(Web page caption snippets)
Segment Open

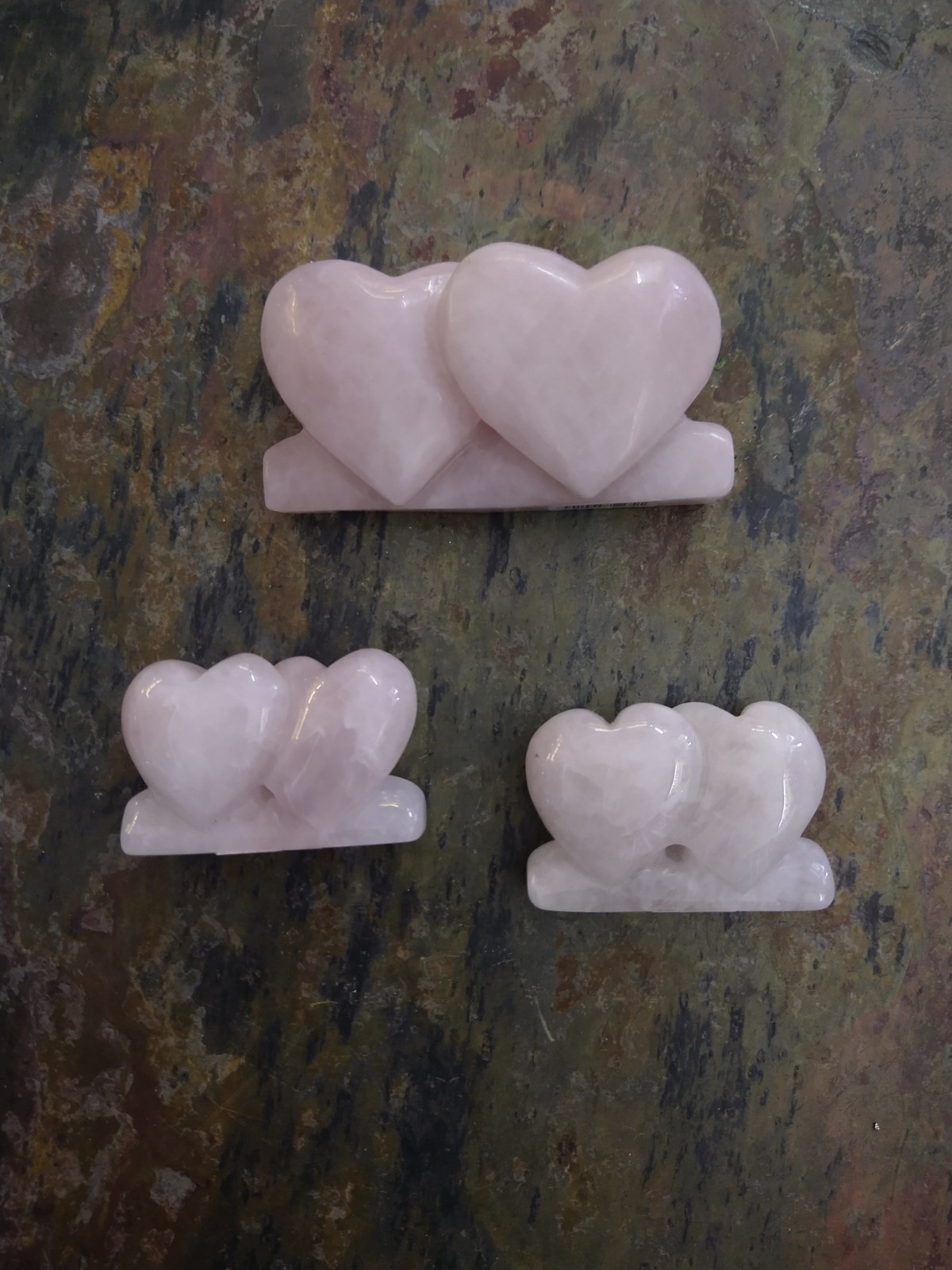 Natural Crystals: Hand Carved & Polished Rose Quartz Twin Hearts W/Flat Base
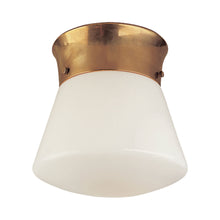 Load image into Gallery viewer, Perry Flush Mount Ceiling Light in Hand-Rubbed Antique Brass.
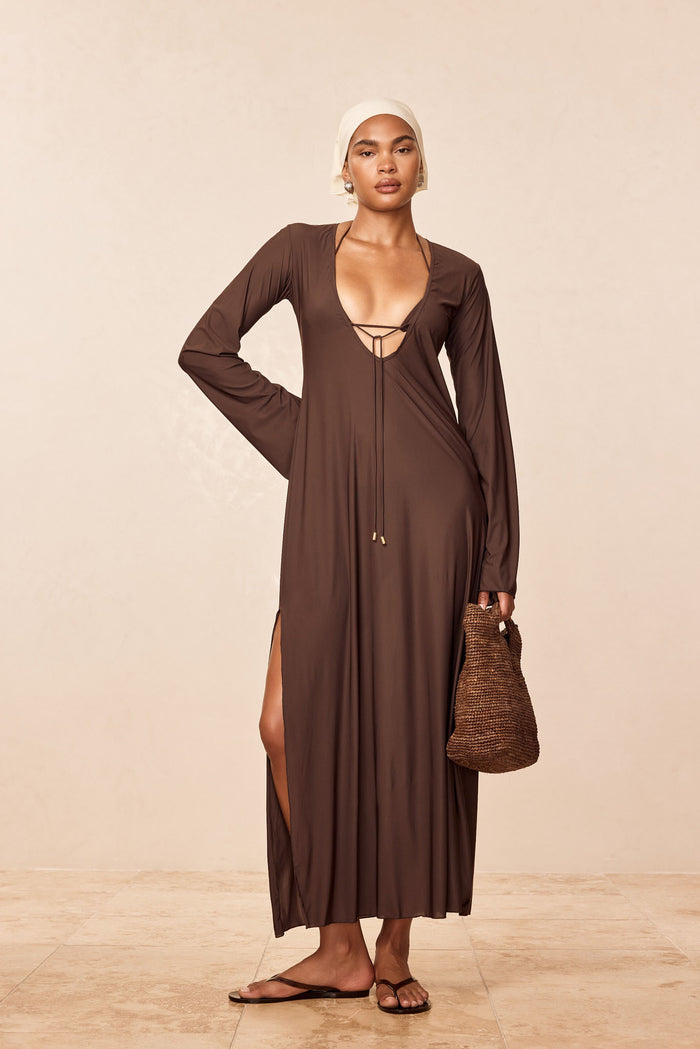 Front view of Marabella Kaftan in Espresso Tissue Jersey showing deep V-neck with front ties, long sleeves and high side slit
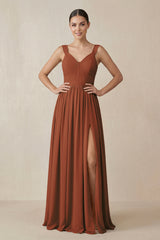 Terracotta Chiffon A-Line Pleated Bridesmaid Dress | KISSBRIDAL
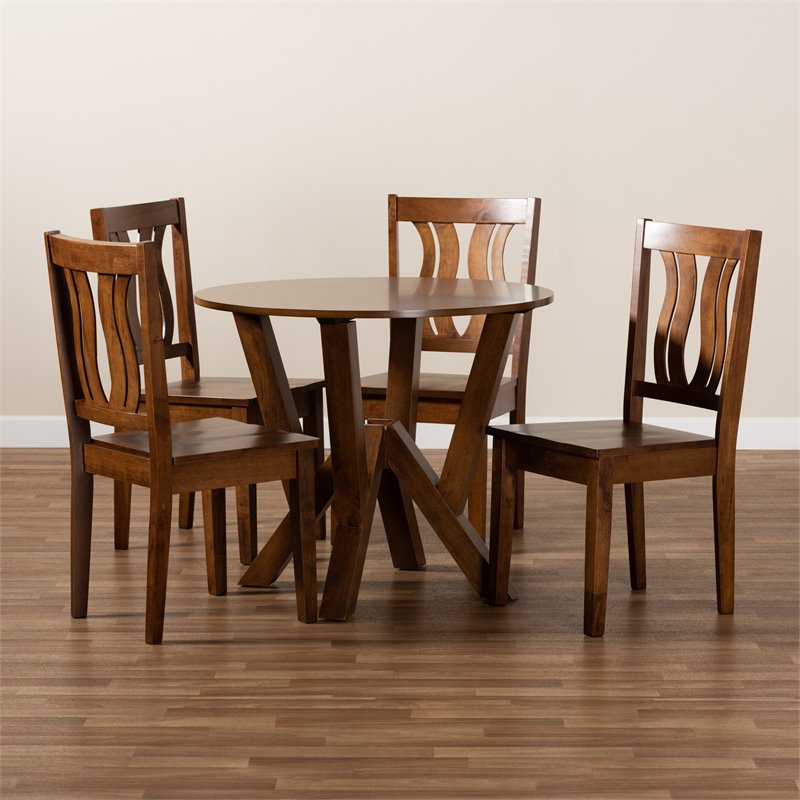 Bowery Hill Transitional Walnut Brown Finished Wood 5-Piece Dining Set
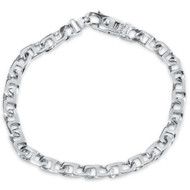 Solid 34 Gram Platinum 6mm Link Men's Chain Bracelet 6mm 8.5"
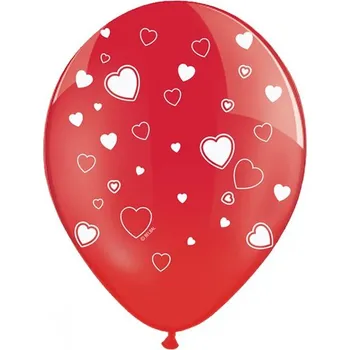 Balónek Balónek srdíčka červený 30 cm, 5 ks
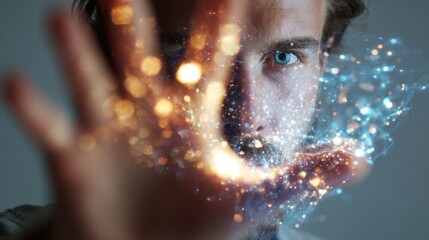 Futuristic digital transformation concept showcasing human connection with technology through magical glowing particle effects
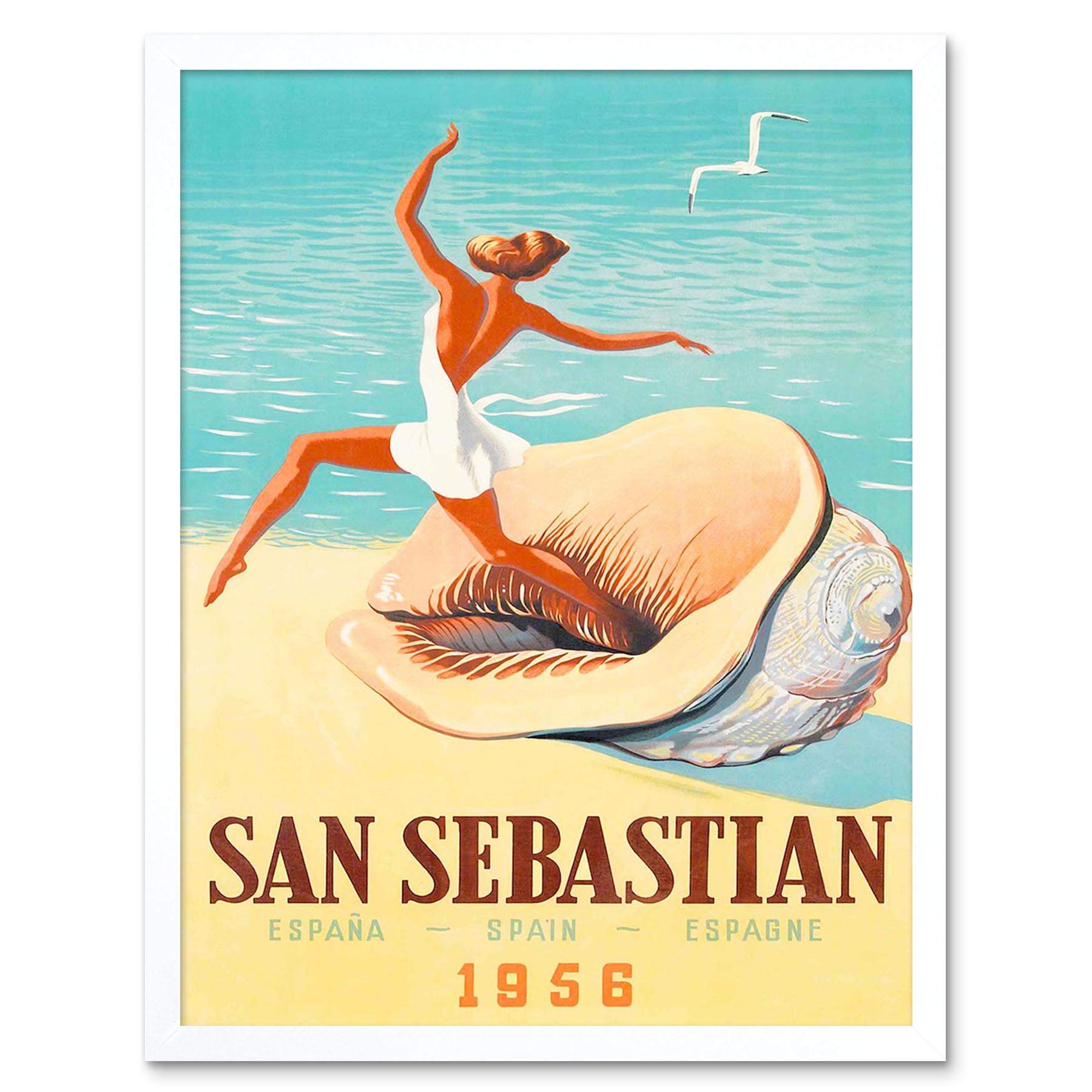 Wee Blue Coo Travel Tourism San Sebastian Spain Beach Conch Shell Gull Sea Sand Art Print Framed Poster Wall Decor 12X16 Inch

Segment Closed

### What the task asks
Reproduce the records in full, exactly as they appear, and show none of the pictures.

### Solved problem
 Natural Crystals: Hand Carved & Polished Rose Quartz Twin Hearts W/Flat Base
 Load image into Gallery viewer, Perry Flush Mount Ceiling Light in Hand-Rubbed Antique Brass.
 Front view of Marabella Kaftan in Espresso Tissue Jersey showing deep V-neck with front ties, long sleeves and high side slit
 Terracotta Chiffon A-Line Pleated Bridesmaid Dress | KISSBRIDAL
 Bowery Hill Transitional Walnut Brown Finished Wood 5-Piece Dining Set
 Solid 34 Gram Platinum 6mm Link Men's Chain Bracelet 6mm 8.5"
 Balónek Balónek srdíčka červený 30 cm, 5 ks
 Futuristic digital transformation concept showcasing human connection with technology through magical glowing particle effects
 Wee Blue Coo Travel Tourism San Sebastian Spain Beach Conch Shell Gull Sea Sand Art Print Framed Poster Wall Decor 12X16 Inch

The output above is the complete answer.